*** Material for the task ***
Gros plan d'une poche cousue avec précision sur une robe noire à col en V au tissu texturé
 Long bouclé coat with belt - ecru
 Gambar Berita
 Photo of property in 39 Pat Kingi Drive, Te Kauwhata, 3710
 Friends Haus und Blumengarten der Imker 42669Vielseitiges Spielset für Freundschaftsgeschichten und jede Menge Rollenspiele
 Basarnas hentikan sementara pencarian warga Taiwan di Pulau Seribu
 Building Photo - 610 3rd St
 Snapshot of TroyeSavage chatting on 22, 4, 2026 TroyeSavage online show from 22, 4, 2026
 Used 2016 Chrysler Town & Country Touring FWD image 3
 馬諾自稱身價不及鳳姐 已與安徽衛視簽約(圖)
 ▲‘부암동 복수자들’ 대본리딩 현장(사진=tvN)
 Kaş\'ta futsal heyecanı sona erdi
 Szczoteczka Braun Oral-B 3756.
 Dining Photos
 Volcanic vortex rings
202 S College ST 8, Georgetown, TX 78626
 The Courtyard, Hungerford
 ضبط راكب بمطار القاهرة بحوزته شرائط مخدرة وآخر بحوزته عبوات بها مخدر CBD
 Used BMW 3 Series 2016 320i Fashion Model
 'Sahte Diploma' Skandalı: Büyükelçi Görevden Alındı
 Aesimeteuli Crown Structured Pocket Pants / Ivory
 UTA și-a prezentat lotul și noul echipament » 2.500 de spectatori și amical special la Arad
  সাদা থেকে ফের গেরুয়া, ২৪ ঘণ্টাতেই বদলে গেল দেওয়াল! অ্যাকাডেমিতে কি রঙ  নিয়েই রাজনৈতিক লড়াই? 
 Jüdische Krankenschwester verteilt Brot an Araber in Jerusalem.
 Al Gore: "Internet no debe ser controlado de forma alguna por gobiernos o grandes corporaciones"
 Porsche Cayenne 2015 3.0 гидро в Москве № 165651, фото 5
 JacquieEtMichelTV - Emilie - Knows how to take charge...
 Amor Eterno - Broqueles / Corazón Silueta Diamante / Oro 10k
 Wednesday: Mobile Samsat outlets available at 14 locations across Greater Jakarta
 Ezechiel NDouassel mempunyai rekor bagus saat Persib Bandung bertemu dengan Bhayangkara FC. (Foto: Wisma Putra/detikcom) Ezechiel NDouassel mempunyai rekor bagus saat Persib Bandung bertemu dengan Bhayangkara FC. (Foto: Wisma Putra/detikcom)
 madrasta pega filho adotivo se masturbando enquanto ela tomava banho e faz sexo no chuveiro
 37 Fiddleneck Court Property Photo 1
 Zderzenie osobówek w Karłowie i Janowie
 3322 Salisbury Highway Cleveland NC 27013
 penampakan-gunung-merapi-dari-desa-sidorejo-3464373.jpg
***
What you need to do
Print exactly the lines that run from the line containing "no debe ser" to the end of the data, both ends included.

Response below
 Al Gore: "Internet no debe ser controlado de forma alguna por gobiernos o grandes corporaciones"
 Porsche Cayenne 2015 3.0 гидро в Москве № 165651, фото 5
 JacquieEtMichelTV - Emilie - Knows how to take charge...
 Amor Eterno - Broqueles / Corazón Silueta Diamante / Oro 10k
 Wednesday: Mobile Samsat outlets available at 14 locations across Greater Jakarta
 Ezechiel NDouassel mempunyai rekor bagus saat Persib Bandung bertemu dengan Bhayangkara FC. (Foto: Wisma Putra/detikcom) Ezechiel NDouassel mempunyai rekor bagus saat Persib Bandung bertemu dengan Bhayangkara FC. (Foto: Wisma Putra/detikcom)
 madrasta pega filho adotivo se masturbando enquanto ela tomava banho e faz sexo no chuveiro
 37 Fiddleneck Court Property Photo 1
 Zderzenie osobówek w Karłowie i Janowie
 3322 Salisbury Highway Cleveland NC 27013
 penampakan-gunung-merapi-dari-desa-sidorejo-3464373.jpg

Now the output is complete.